In the book’s foreword, the author said he wrote about their lives “as a way of thinking about choices and accountability, not just for each of us as individuals but for all of us as a society.”
But, in the opinion of his fellow officers, it is only Prothero’s name that is necessary to recall at the precinct.
The gifts started with a bicycle for Holly Prothero, who turned 7 shortly after her father’s death. It was delivered by about half a dozen police cruisers that rolled up to the house with lights and sirens on. She’s now in college, but the fund continues. They send $50 in annual Christmas and birthday cards to the children. They deliver flowers on Ann Prothero’s birthday and send a centerpiece for Christmas.
“After 13 years, we have not missed a birthday or Christmas,” said Neral, who makes the biweekly trip to Sam’s Club to restock supplies for the snack stand that pays for the gifts.
The snack stand fund also supports the officers, providing for retirement plaques and small parties. They also used the money to buy a few sets of binoculars for surveillance, along with other items for the precinct.

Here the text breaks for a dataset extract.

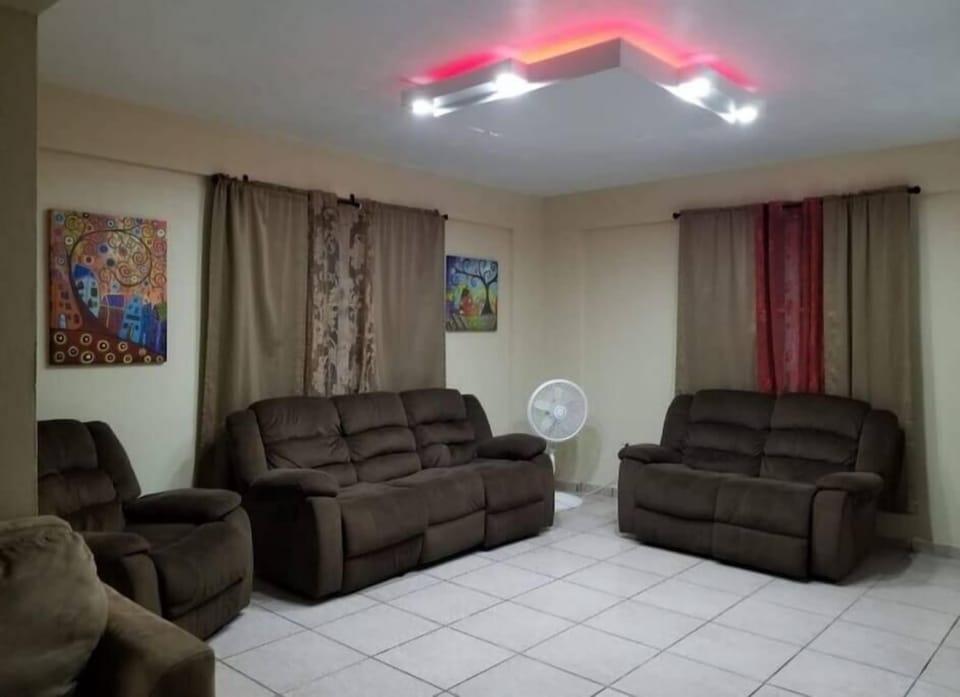 Ac9b72ff ab0a 4898 80cf ea341630d7ca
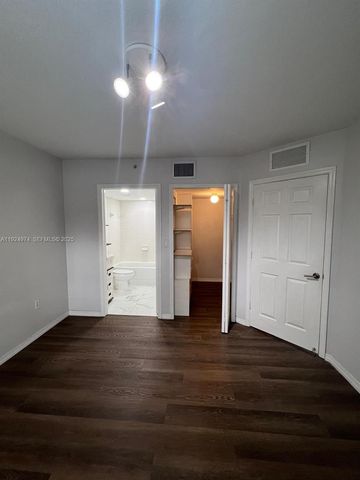 22641 SW 88th Pl 103, Cutler Bay, FL 33190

Prothero actually started the stand. Back then, the money helped each shift pay for Christmas parties and other functions. He jokingly called the store Bruce Club, after making many trips to Sam’s Club himself.
The name endures today, written in a sign above the food shelves.
At the snack stand there’s one card from the family that shows Prothero’s children in swim team suits in front of a pool. In another picture, they’re all in soccer jerseys. Other framed shots show the children getting new bikes. Each received a bike on their seventh birthday.
There’s also a stack of notes from the family, including one that Holly sent after she got her bike.
“I have no problem riding it,” she wrote.
Rick Prothero said the family still has a close relationship with the Police Department. His brother, the youngest of eight children, was the only police officer in the family.
“We don’t know why he did it,” he said with a smile. But he added, “We’re all pretty proud of that.”